■ PROBLEM DESCRIPTION
Please reproduce the lines from the one containing "NWT Plaid Bow tie" through the end of the data below exactly as they stand, and omit all pictures.

■ DATA PROVIDED

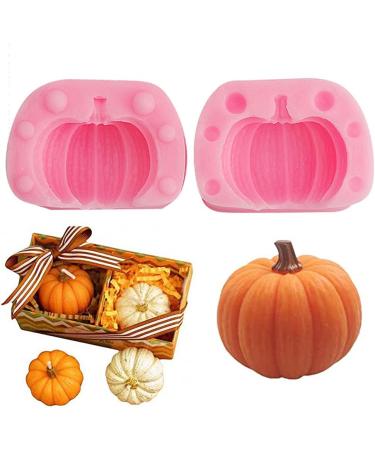 Silicone Material Pumpkin Shape Mold for Chocolates Candy Cakes Jelly Handmade Soap Baking Moulds 3 Sizes Choose Silicone Chocolate Molds Round Medium Split - Buy Online on GoSupps.com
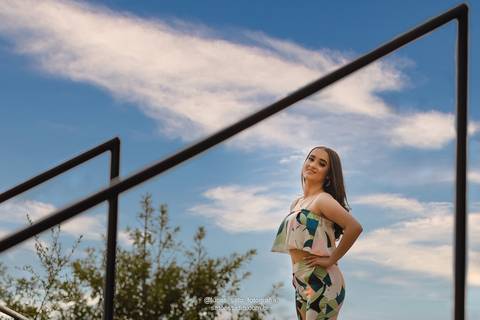 Book de 15 anos realizado em São Gotardo-MG'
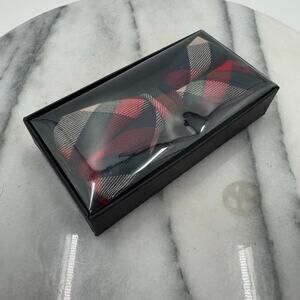 NWT Plaid Bow tie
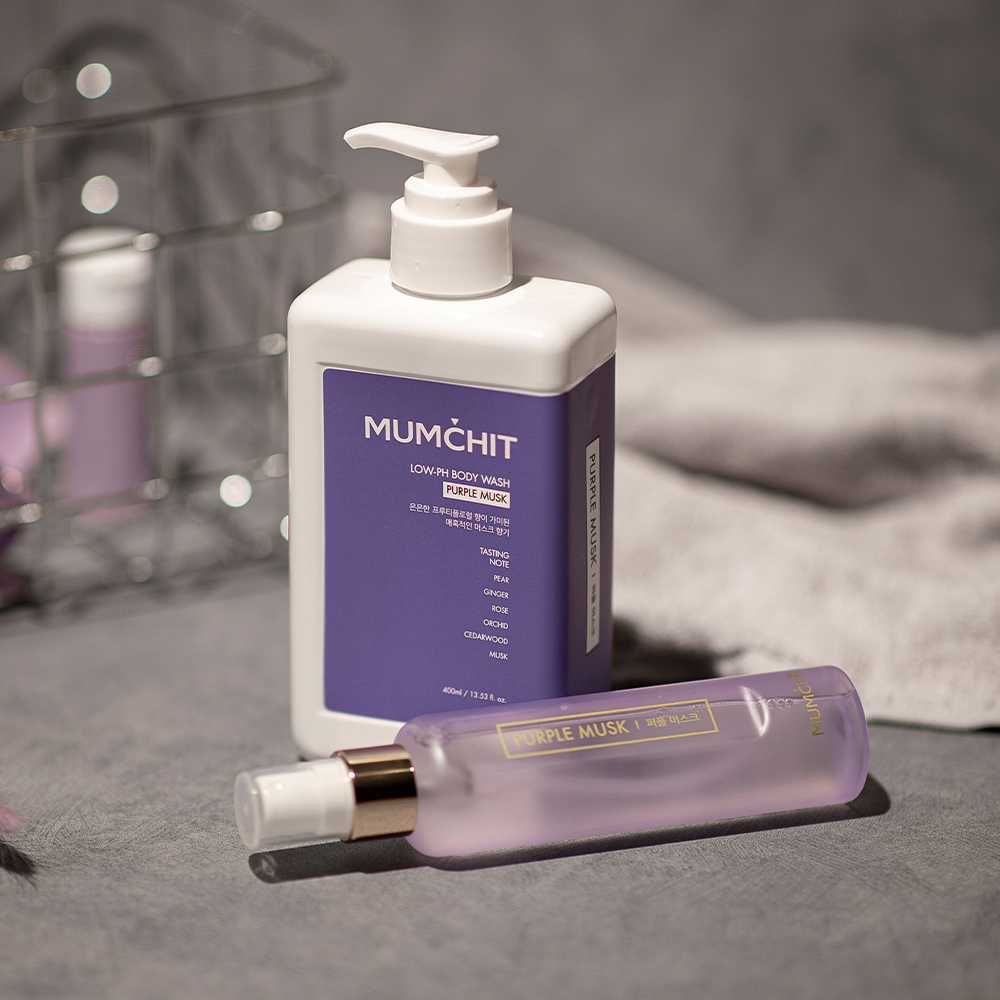 【童心星球】MUMCHIT 默契 pH5.5天然香氛沐浴乳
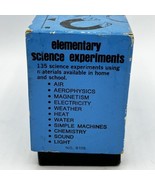 Educational Insights 1974 Elementary Science Experiments 135 Projects #9... - £34.76 GBP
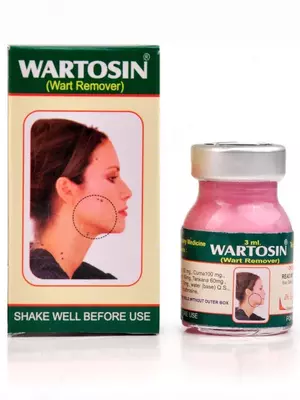 Средство от папиллом и бородавок Wartosin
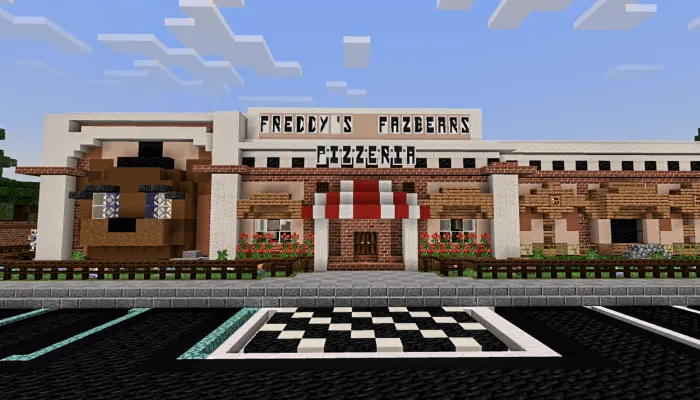 FNaF 1 Roleplay Map [2024] Freddy Fazbear's Pizzeria Map screenshot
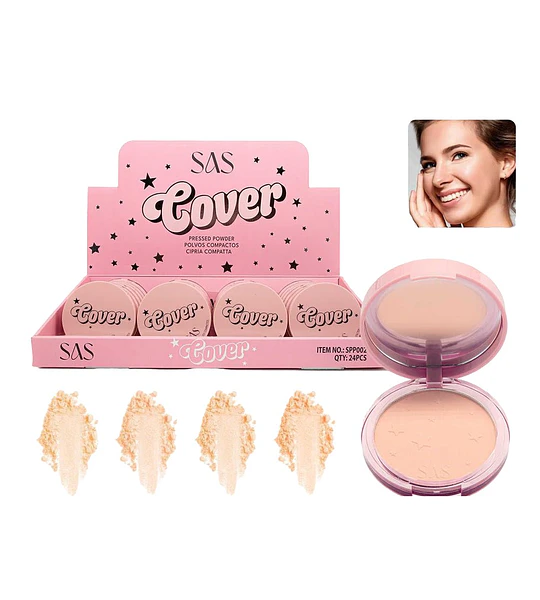 Labial líquido mate SAS COSMETICS - Tono natural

■ THE ANSWER
 NWT Plaid Bow tie
 【童心星球】MUMCHIT 默契 pH5.5天然香氛沐浴乳
 Educational Insights 1974 Elementary Science Experiments 135 Projects #9... - £34.76 GBP
 Средство от папиллом и бородавок Wartosin
 FNaF 1 Roleplay Map [2024] Freddy Fazbear's Pizzeria Map screenshot
 Labial líquido mate SAS COSMETICS - Tono natural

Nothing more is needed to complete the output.